2. SAME—MASTER'S AUTHORITY TO SELL—NOTICE.
The master has no authority to sell damaged cargo in a foreign port without notice to the owner or shipper, when there is abundant time and means for communication with him.
3. SAME—CASE STATED—BILL OF LADING—QUALITY UNKNOWN.
Where the bark E. S., laden with rags and railroad iron, in a voyage from Libau to New York, sprung a leak in a gale in the North sea through overloading amidships, whereby some of the rags were wet; and being obliged to put in at Cowes for repairs, the cargo was all unloaded, and a considerable portion of the rags was found to be hot, steaming, and rotten, and not capable of being put into condition to be brought to New York; and communication being practicable with the shipper at Libau by mail within three days, and by telegraph daily; and that portion of the cargo not capable of being brought to New York having been sold after repeated surveys, and under the advice of the consul, after notice sent by him to the shipper at Libau without answer or direction received in reply, and the sale being fairly made, held, that the sale was justifiable, but that the vessel was responsible for all loss occasioned by the leak through overloading amidships. Held, also, that under the terms of the bill of lading, “quality unknown,” the vessel might show bad condition of the rags when shipped; that the steaming condition of the rags on the morning following the gale was an indication that part were probably shipped in bail condition; and there being no direct evidence of their condition when shipped; held, that that question should be submitted for further evidence before the commissioner in connection with proof of damage occasioned by the Ship's leak.
4. EVIDENCE—COMMISSION—ANSWER TO GENERAL INTERROGATORY.
Upon commission to examine the consul at Cowes as a witness in behalf of the bark, the consul, in reply to the last general interrogatory, whether he knew anything further to the advantage of the ship, having replied that he and his firm communicated with the shipper at Libau before the sale and received no answer or direction; the subject being nowhere else alluded to in the pleadings, interrogatories, or testimony, and the commission having been returned and filed a year before the trial, held, that the answer should stand, and that it was sufficient prima facie evidence of proper communication with the shipper in the absence of any countervailing evidence, and that the motion to suppress that answer or for leave to cross-examine by further interrogatories should have been made before trial.

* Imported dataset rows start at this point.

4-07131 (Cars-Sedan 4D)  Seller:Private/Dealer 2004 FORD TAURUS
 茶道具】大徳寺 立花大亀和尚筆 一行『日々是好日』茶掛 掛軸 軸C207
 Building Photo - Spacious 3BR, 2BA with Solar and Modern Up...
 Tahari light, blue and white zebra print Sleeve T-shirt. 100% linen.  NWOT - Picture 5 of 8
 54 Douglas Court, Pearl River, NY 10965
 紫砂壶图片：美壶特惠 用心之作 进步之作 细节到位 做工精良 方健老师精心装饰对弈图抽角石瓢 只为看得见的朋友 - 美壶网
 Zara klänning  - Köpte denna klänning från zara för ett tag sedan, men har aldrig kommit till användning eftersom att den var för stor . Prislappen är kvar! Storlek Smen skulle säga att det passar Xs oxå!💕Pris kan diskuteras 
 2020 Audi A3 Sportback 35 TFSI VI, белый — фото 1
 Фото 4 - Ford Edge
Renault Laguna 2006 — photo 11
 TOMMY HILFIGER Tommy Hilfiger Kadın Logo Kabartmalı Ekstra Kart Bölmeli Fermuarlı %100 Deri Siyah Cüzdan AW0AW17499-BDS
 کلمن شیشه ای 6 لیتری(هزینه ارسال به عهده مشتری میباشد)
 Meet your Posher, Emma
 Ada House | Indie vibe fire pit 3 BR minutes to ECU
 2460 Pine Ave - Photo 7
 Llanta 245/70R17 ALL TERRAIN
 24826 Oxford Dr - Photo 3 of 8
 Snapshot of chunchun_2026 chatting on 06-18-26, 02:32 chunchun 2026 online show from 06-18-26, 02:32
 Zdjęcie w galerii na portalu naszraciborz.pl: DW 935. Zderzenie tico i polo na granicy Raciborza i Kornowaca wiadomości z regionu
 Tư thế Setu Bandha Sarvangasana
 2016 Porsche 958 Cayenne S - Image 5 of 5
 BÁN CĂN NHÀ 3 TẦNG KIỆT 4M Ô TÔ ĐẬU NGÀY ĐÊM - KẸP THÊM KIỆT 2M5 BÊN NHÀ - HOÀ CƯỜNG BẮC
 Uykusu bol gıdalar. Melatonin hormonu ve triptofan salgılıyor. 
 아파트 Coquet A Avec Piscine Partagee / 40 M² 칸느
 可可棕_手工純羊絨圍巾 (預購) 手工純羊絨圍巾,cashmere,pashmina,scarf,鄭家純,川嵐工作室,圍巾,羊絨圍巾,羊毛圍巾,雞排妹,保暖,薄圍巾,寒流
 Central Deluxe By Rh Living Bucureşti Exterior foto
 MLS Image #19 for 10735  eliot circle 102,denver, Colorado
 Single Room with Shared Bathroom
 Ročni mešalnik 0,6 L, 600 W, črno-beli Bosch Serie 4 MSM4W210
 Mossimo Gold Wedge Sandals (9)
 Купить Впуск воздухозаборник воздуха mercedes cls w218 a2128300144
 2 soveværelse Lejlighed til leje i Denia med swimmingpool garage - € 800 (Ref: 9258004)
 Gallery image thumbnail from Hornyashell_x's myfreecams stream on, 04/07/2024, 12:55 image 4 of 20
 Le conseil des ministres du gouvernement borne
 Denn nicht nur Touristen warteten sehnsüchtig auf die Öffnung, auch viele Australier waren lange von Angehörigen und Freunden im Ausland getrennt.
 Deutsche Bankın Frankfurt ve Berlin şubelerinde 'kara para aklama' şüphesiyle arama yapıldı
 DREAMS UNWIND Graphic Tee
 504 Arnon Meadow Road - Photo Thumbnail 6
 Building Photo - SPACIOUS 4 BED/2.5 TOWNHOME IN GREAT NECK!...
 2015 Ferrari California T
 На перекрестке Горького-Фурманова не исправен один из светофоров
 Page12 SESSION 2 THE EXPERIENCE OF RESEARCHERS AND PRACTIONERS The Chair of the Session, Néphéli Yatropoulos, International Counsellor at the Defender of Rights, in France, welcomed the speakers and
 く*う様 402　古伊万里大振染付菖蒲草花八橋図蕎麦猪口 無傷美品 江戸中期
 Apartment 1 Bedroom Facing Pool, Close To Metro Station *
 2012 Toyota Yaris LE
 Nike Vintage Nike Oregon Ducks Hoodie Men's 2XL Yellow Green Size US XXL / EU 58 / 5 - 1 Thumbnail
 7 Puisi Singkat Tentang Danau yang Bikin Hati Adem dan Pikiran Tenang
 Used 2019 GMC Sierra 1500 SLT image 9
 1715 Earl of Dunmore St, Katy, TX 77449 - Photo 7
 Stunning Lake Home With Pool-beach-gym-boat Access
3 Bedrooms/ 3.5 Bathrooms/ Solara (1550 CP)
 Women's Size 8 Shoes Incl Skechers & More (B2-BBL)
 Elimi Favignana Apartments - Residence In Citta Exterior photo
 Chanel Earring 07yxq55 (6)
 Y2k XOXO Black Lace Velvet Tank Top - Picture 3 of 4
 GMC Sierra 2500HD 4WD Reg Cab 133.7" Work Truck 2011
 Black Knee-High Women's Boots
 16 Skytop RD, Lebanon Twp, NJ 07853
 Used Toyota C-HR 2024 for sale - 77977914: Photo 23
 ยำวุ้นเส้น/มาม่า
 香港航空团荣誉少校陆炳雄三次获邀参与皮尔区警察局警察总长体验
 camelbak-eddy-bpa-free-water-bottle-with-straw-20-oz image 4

The above libel in personam was brought to recover the sum of $1,566.62 freight for 94,1 bales and 66 bags of rags shipped on the bark Excellenzen Sibbern, at Libau, April 22, 1880, to be delivered in New York. The libel in rem was brought to recover damages for the non-delivery of 524 bales and 28 bags, part of the above shipment, valued at $15,000. The rags not delivered were sold by the master at Cowes, at which port he had been obliged to put in, in distress. The cargo was there unloaded for the purpose of repairing
537the ship, and a portion of the rags being found so damaged by wet, heat, and rottenness that, despite all efforts to improve their condition, they were deemed unfit to be reshipped, they were condemned on survey and sold, so far as salable, and other portions thrown away as worthless. For the vessel, it was contended that the injuries to the bark were caused solely by the severe weather which she encountered in the North sea; that the rags were in a wet and unfit condition when shipped, which in part caused their damaged condition at Cowes; and that the sale of the damaged portion was necessary; was effected in the best manner; and was made after notice sent to the shipper, (the bill of lading being to order,) to which, however, no answer was received. On behalf of the shipper, it was contended that the rags were all shipped in good condition; that the damage to the vessel, and her consequent leaking, and the injury to the rags, arose from the unseaworthiness of the vessel, through the improper stowage of the iron, too great weight being placed between the main and the after hatch, which caused the bottom of the vessel to give way and her keel to drop from three to five inches; also, that no proper communication to the shipper was proved, and that the sale of the rags at Cowes was unauthorized.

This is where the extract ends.